I know your post ties these questions together but I think they are actually pretty distinct.

For the first question, one of the best grounds to argue against compassion is its effectiveness. Pretty much no one wants homeless people to exist for their own sake. Even the "compassionate" side wishes there were no (or fewer) homeless people. The question is do compassionate means actually function to reduce the homeless population? Are we willing to devote the kind of resources that would be necessary for those means to succeed? As @guesswho says, we could just build every homeless person a house if we were willing to commit that level of resources. The best way to attack compassionate solutions is probably to argue against their effectiveness, either in total or in terms of tradeoffs. "This thing might be good to do but would not be worth it" is an argument everyone can understand (though perhaps disagree).

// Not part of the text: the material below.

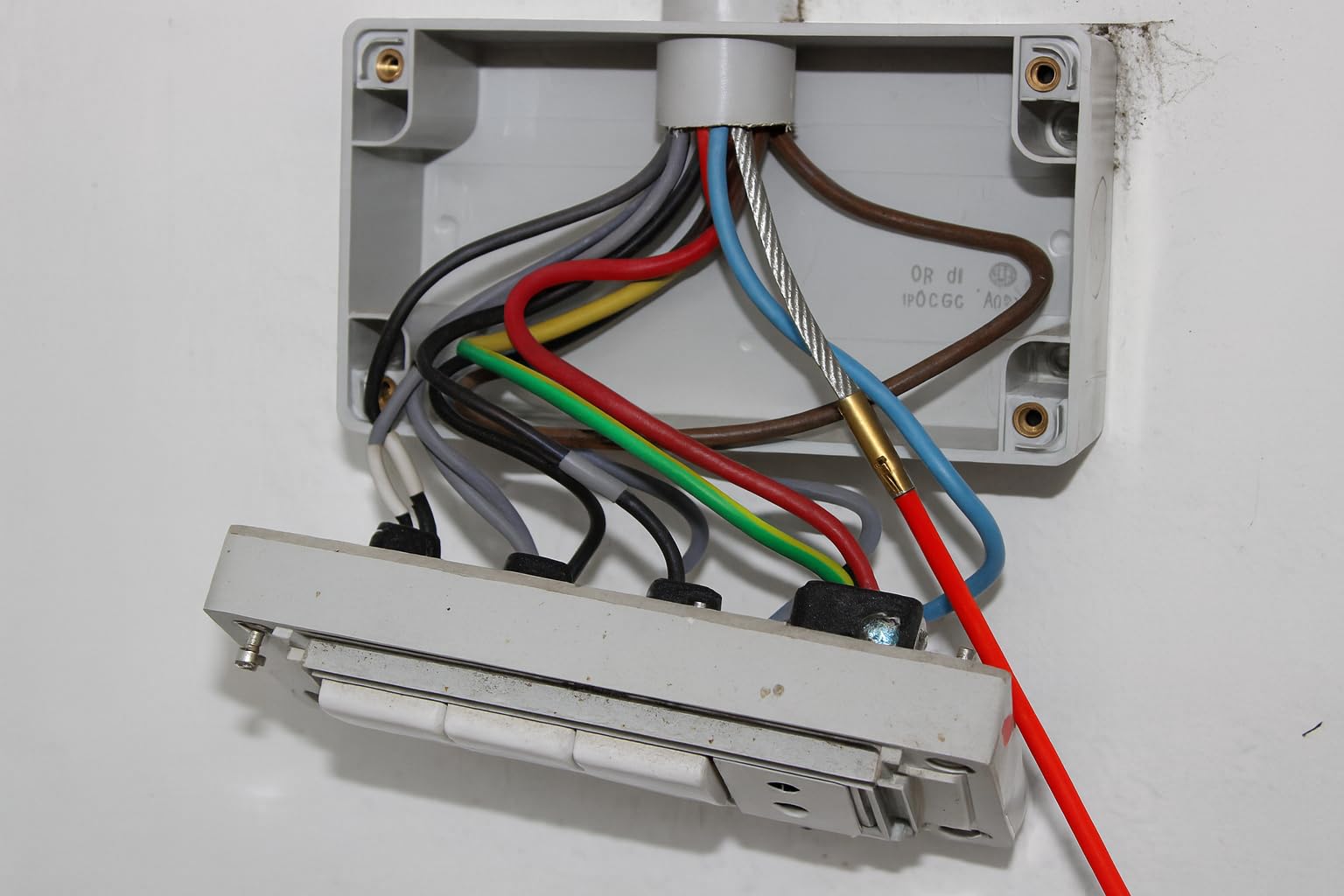 Sonda Passacavi Professionale in Fibra di Vetro IL PASSACAVO DEFINITIVO, Pilota cavi elettrici - innovativa Struttura TechFirerGlass Ø 2 mm. Molla Elettricista Ultra Rigida.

On the second question it depends on what you mean by "cruel." If you think we should merely leave the homeless alone, devoting no resources to helping them, I think that becomes a variation in the tradeoff argument I discussed above. On the other hand if you want to inflict some more active harm on them you are going to have problems. My impression is lots of people think some good reason is required to justify harming other people. Those people do not generally regard "does not have a permanent residence" as being a good reason. Often discussions about homelessness focus on other bad things homeless people often do as justification but is this other behavior that is functioning as justification, not homelessness itself.